| |
| |
| |
Frank Adam
door Jet Marchau
Frank Adam is op 18 augustus 1963 in Brugge (België) geboren als vierde en jongste kind van een onderwijzersechtpaar. Op de middelbare school, waar hij een wiskundige richting volgde, ontstond zijn belangstelling voor literatuur. Naast klassiekers als Cervantes, Diderot, Dostojevski, Musil en Salinger bewonderde hij performers en theaterauteurs als Drs. P, Woody Allen en Dario Fo. Zijn studie Nederlands, Engels en Zweeds aan de universiteit van Kortrijk en Leuven vulde hij aan met taalcolleges bijbelhebreeuws, nieuwtestamentisch Grieks, Arabisch en Turks. Een zomercursus Arabisch in Caïro leidde in 2006 tot zijn Egyptisch dagboek, De Caïro Cahiers.
In de periode dat hij werkzaam was als leraar (1986-1999) debuteerde hij met het jeugdtoneelstuk Wakitchaga (1992) en een roman voor volwassenen, Waterman (1993). In 2001 inspireerde zijn zoontje hem tot een eerste bundel kindergedichten, Waarom ik altijd nee zeg. In 2003 volgde zijn prozadebuut in de jeugdliteratuur, Wat de ezel zag.
Sinds 2000 is Frank Adam fulltime auteur en performer. Zijn poëzie, fabels, liederen, romans en theaterstukken zet hij vaak zelf op het podium. Hij is redacteur van het literaire tijdschrift De Brakke Hond en artist in residence in het Brugse kunstencentrum De Werf.

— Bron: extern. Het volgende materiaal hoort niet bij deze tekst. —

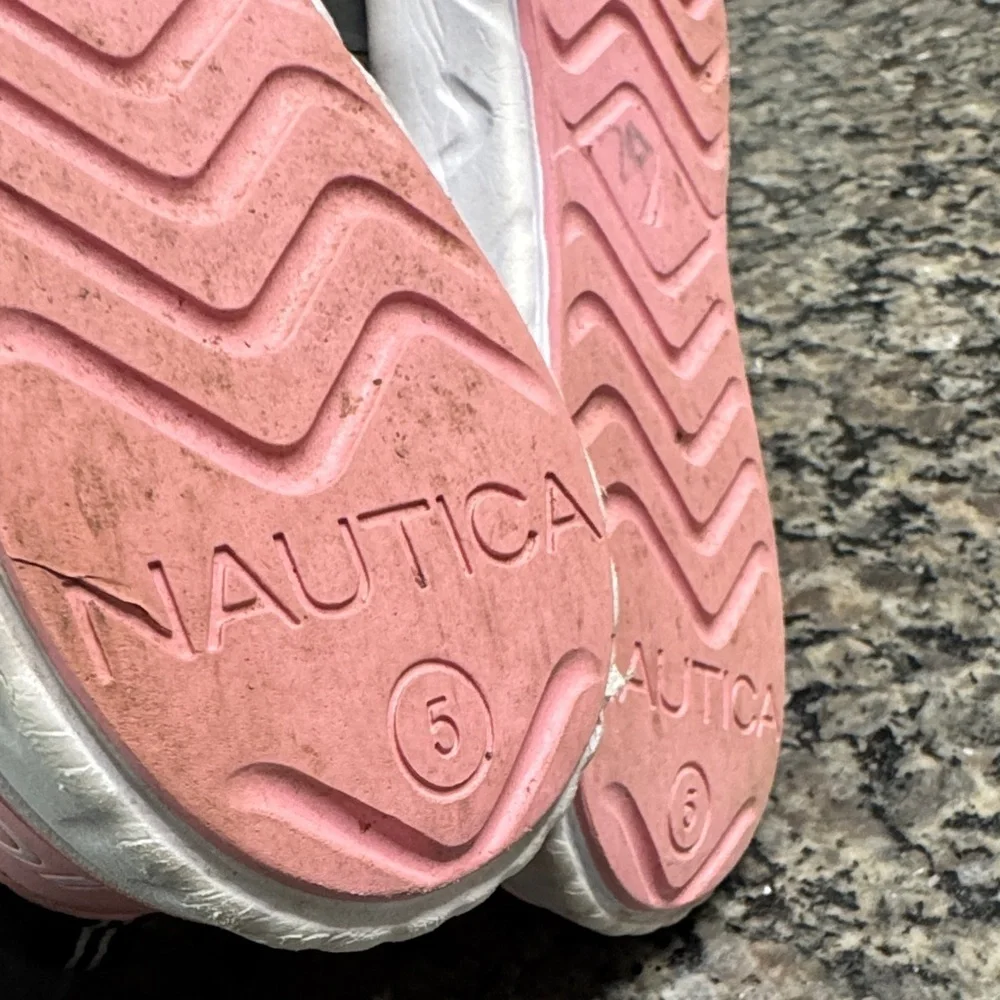 Nautica Women's Blue and Pink Sneakers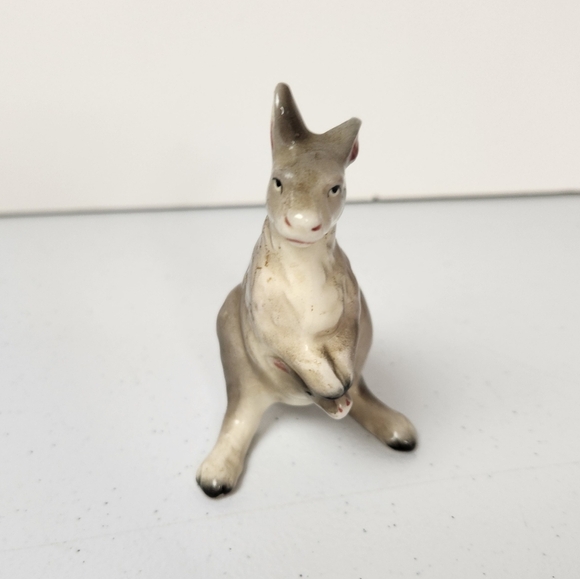 Vintage Japan Ceramic Kangaroo Joey Hand Painted Figurine Japan 1960s Kitsch - Picture 3 of 8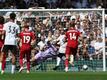 Fulhams Aleksandar Mitrovic (2.v.r) schießt das 2:1 gegen den FC Liverpool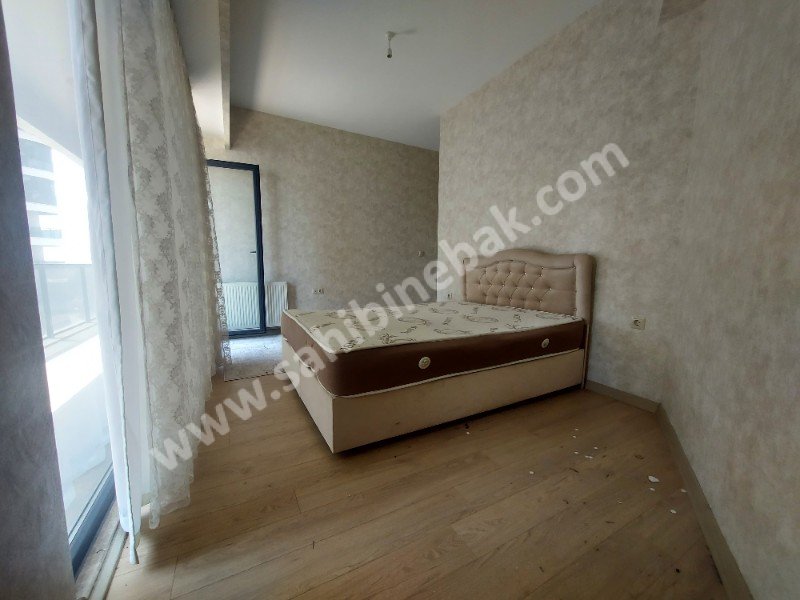 BURSA KILIÇ TAN ALPİŞ ADEN HAUSE’DE 1+1 KİRALIK HOME OFİS
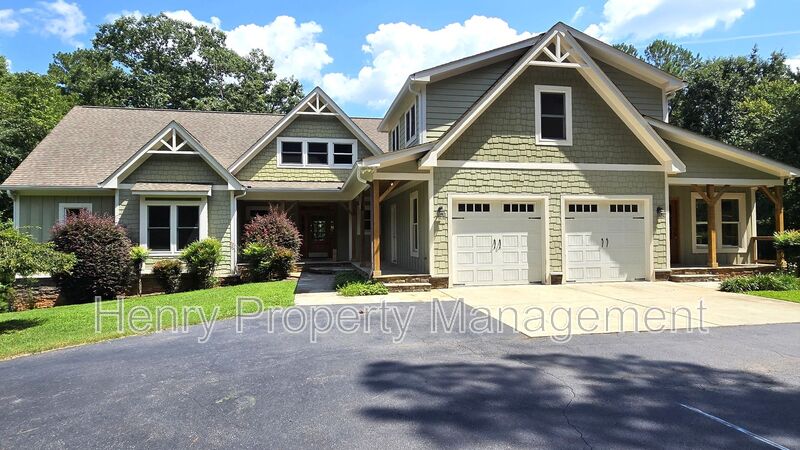 Raleigh House: 5804 Yates Mill Pond Road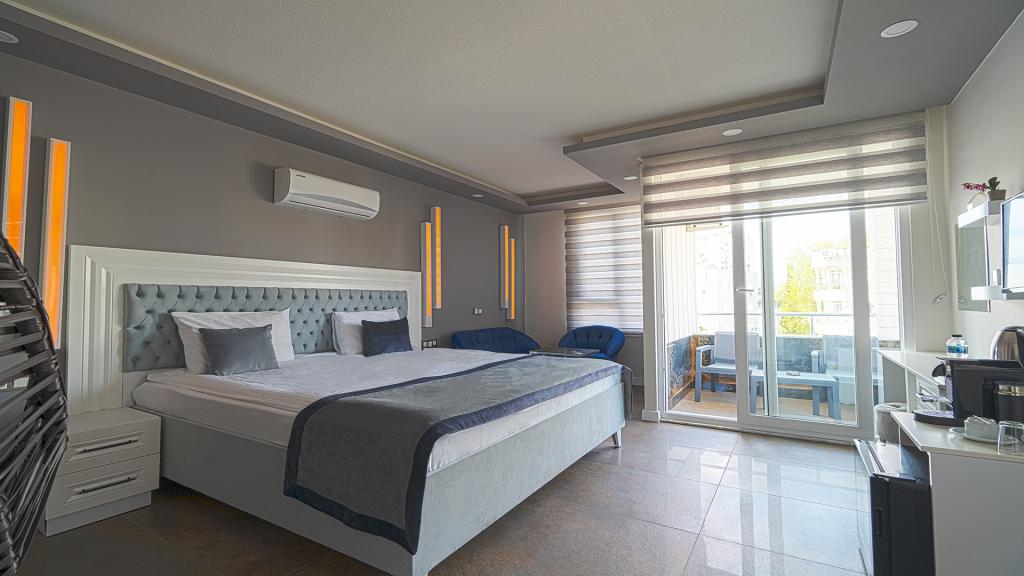 Suite Room, Land View (Jacuzzi)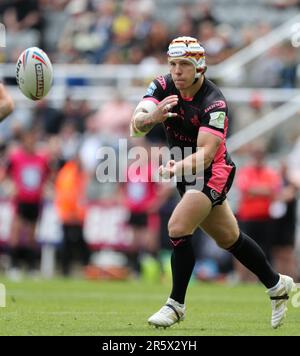 Huddersfield Giants' Theo Fages während des Betfred Super League-Spiels zwischen St. Helens und Huddersfield Giants in St. James's Park, Newcastle, Sonntag, den 4. Juni 2023. (Foto: Mark Fletcher | MI News) Guthaben: MI News & Sport /Alamy Live News Stockfoto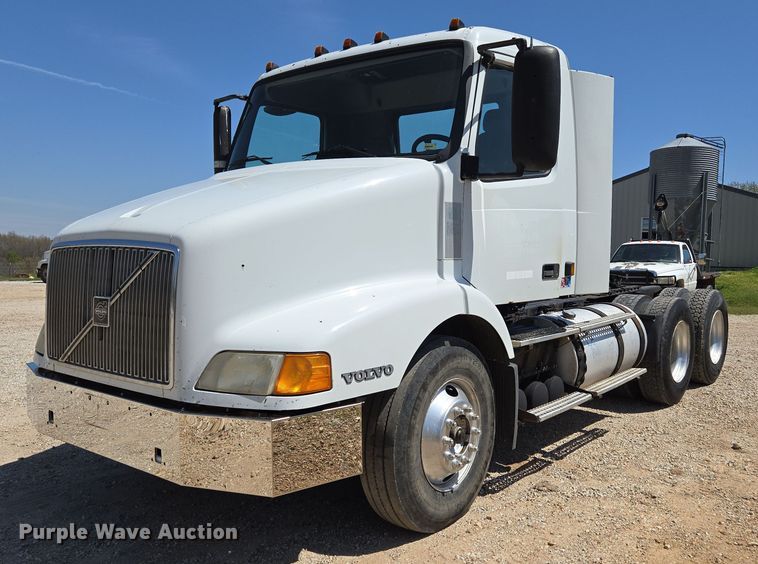 2001 Volvo VNM semi truck - EN3561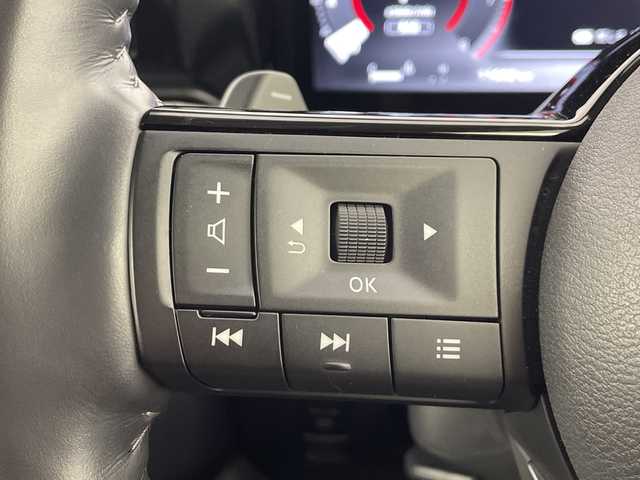 日産 セレナ ハイウェイスター V 愛知県 2024(令6)年 1.1万km プリズムホワイト 純正ナビ/後席専用モニター/インテリジェントアラウンドビューモニター/フルセグTV・HDMI/Bluetooth・USB・AM・FM/インテリジェントルームミラー/ワイヤレス充電/ETC2.0/両側ハンズフリーオートスライドドア/フロントオートエアコン+リヤオートエアコン/シート&ステアリングヒーター/シートバックテーブル/革巻きステアリング/パドルシフト/インテリジェントクルーズコントロール/インテリジェントエマージェンシーブレーキ/前方衝突予測警報/衝突回避ステアリングアシスト/車線逸脱防止支援システム/車線逸脱警報/後退時車両検知警報(RCTA)/ふらつき警報/踏み間違い衝突防止アシスト/標識検知/車両接近通報/アイドリングストップ/フロント・バックソナー/横滑り防止/スマートキー/プッシュスタート/イモビライザー/スペアキー1本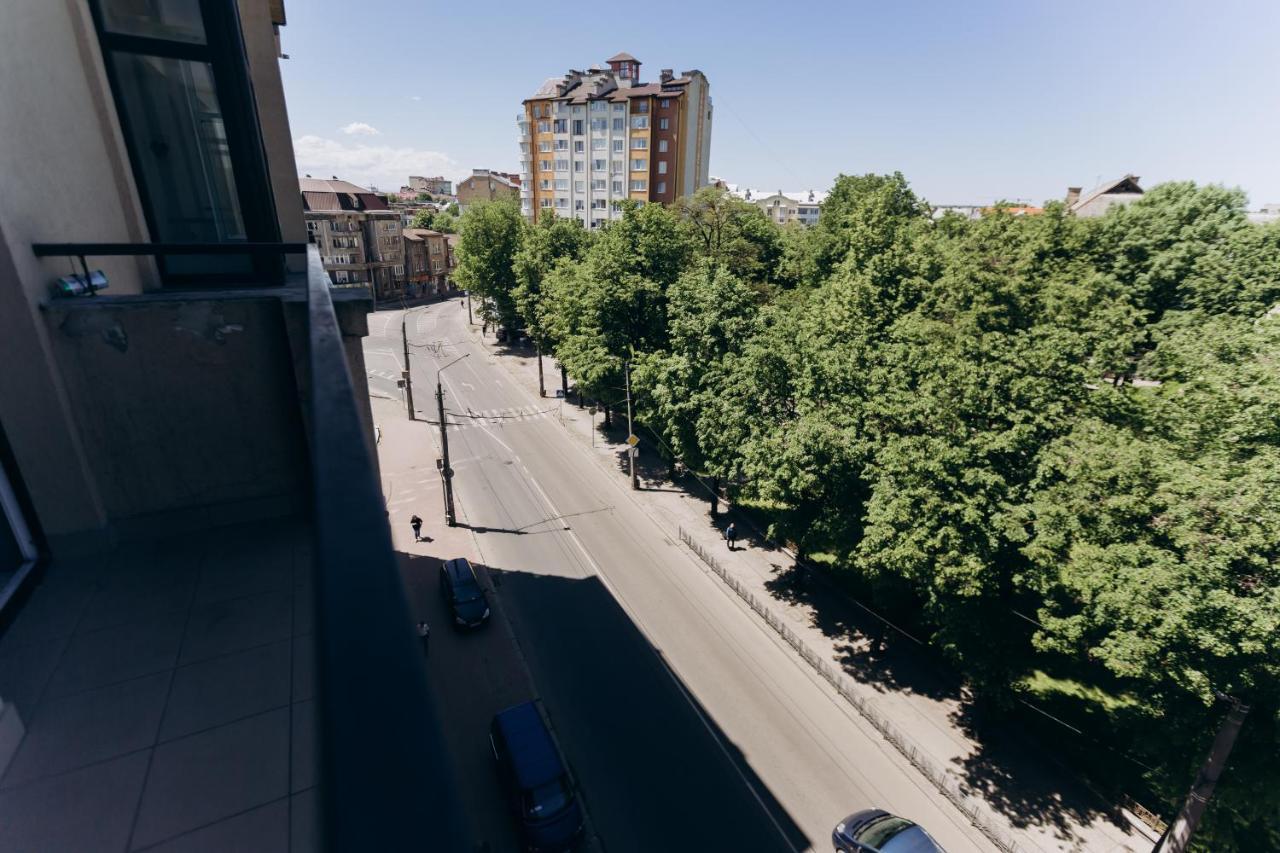 Нові Apartments Біля Жд Вокзалу Ivano-Frankivsk Extérieur photo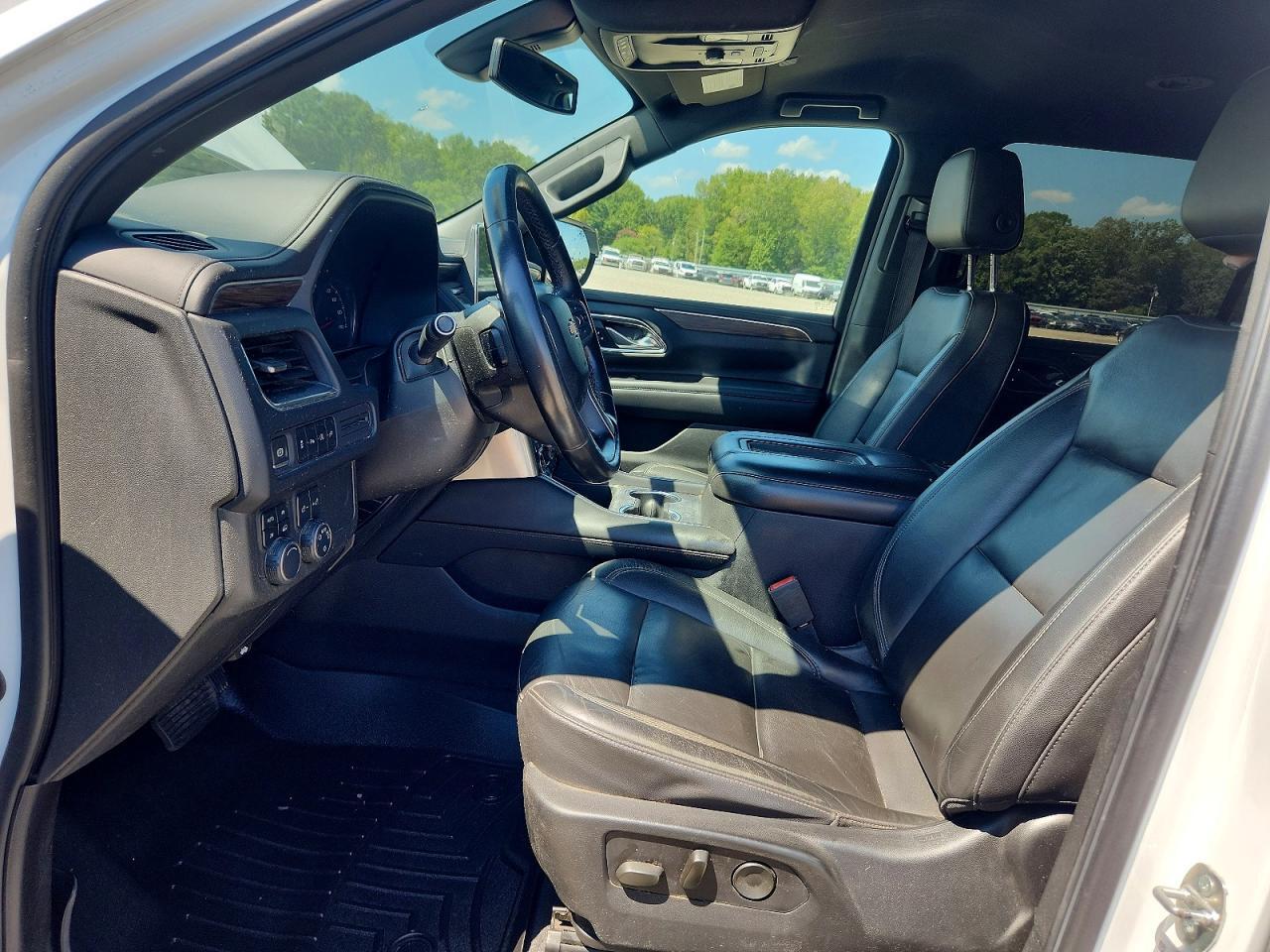 2021 CHEVROLET SUBURBAN K1500 LT — Фото 7 из 12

Voor zijn romans en toneel voor volwassenen ontving Adam verscheidene malen de Prijs Letterkunde van de Provincie West-Vlaanderen. Zijn adolescentenroman De passie van de puber werd onderscheiden met de Prijs Knokke-Heist voor het beste jeugdboek van 2006 en is vertaald in het Noors en het Duits.
| |
| |
| |
Werk
Frank Adam behoort tot de generatie Vlaams literair talent van de jaren negentig. In de bloemlezing Jonge sla (1994) staat hij vermeld naast geestverwanten als Peter Verhelst, Bart Moeyaert en Anne Provoost. Zijn motieven vindt hij in de geschiedenis, religie en filosofie. Godsdienst en de verbondenheid van culturen verwerkt hij als centrale thema's in een mix van poëzie en absurde, vaak ironiserende humor. Zijn taalgebruik is eigentijds, plastisch en spitsvondig.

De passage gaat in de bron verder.